> [Exercise] Which lines of the entries below run from the one holding "Part-time Driver Arrested" to the one holding "Blacktip Sharks, Carcharhinus", inclusive? Set down exactly those lines and no others.

(Beginning of Material for the task)

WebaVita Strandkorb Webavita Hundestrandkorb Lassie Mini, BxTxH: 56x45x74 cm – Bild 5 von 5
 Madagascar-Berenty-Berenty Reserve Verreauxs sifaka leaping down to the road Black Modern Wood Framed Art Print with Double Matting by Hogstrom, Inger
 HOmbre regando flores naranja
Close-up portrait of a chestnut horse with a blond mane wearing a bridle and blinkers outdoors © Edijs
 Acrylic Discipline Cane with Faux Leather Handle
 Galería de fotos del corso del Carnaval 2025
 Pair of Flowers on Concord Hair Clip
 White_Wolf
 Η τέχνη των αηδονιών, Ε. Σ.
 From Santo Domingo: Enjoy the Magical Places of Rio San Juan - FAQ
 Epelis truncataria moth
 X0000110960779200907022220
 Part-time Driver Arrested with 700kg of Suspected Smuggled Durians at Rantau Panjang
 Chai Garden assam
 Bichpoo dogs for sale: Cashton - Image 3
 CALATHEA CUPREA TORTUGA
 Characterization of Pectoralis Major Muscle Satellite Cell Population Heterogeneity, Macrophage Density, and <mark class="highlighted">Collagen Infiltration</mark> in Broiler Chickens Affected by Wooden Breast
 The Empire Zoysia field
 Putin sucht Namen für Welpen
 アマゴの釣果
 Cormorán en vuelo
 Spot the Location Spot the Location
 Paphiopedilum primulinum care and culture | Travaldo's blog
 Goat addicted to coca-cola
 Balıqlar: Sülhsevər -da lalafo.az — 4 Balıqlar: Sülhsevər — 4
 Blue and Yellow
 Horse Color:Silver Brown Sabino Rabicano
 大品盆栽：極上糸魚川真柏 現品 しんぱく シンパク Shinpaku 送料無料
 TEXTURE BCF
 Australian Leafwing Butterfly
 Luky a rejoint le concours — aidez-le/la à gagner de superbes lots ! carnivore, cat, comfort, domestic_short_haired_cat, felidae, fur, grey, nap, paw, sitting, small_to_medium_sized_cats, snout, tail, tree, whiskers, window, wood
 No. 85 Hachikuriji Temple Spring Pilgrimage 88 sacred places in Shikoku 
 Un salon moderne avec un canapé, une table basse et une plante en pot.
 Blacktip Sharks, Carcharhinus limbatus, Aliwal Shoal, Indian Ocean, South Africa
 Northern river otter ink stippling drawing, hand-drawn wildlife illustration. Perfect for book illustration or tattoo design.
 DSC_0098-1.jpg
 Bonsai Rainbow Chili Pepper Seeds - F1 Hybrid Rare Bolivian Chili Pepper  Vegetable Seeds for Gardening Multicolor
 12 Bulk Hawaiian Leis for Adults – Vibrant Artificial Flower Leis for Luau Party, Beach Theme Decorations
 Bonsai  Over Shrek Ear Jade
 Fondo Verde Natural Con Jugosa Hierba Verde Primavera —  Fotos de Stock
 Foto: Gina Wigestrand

(End of Material for the task)

> [Completed task]
 Part-time Driver Arrested with 700kg of Suspected Smuggled Durians at Rantau Panjang
 Chai Garden assam
 Bichpoo dogs for sale: Cashton - Image 3
 CALATHEA CUPREA TORTUGA
 Characterization of Pectoralis Major Muscle Satellite Cell Population Heterogeneity, Macrophage Density, and <mark class="highlighted">Collagen Infiltration</mark> in Broiler Chickens Affected by Wooden Breast
 The Empire Zoysia field
 Putin sucht Namen für Welpen
 アマゴの釣果
 Cormorán en vuelo
 Spot the Location Spot the Location
 Paphiopedilum primulinum care and culture | Travaldo's blog
 Goat addicted to coca-cola
 Balıqlar: Sülhsevər -da lalafo.az — 4 Balıqlar: Sülhsevər — 4
 Blue and Yellow
 Horse Color:Silver Brown Sabino Rabicano
 大品盆栽：極上糸魚川真柏 現品 しんぱく シンパク Shinpaku 送料無料
 TEXTURE BCF
 Australian Leafwing Butterfly
 Luky a rejoint le concours — aidez-le/la à gagner de superbes lots ! carnivore, cat, comfort, domestic_short_haired_cat, felidae, fur, grey, nap, paw, sitting, small_to_medium_sized_cats, snout, tail, tree, whiskers, window, wood
 No. 85 Hachikuriji Temple Spring Pilgrimage 88 sacred places in Shikoku 
 Un salon moderne avec un canapé, une table basse et une plante en pot.
 Blacktip Sharks, Carcharhinus limbatus, Aliwal Shoal, Indian Ocean, South Africa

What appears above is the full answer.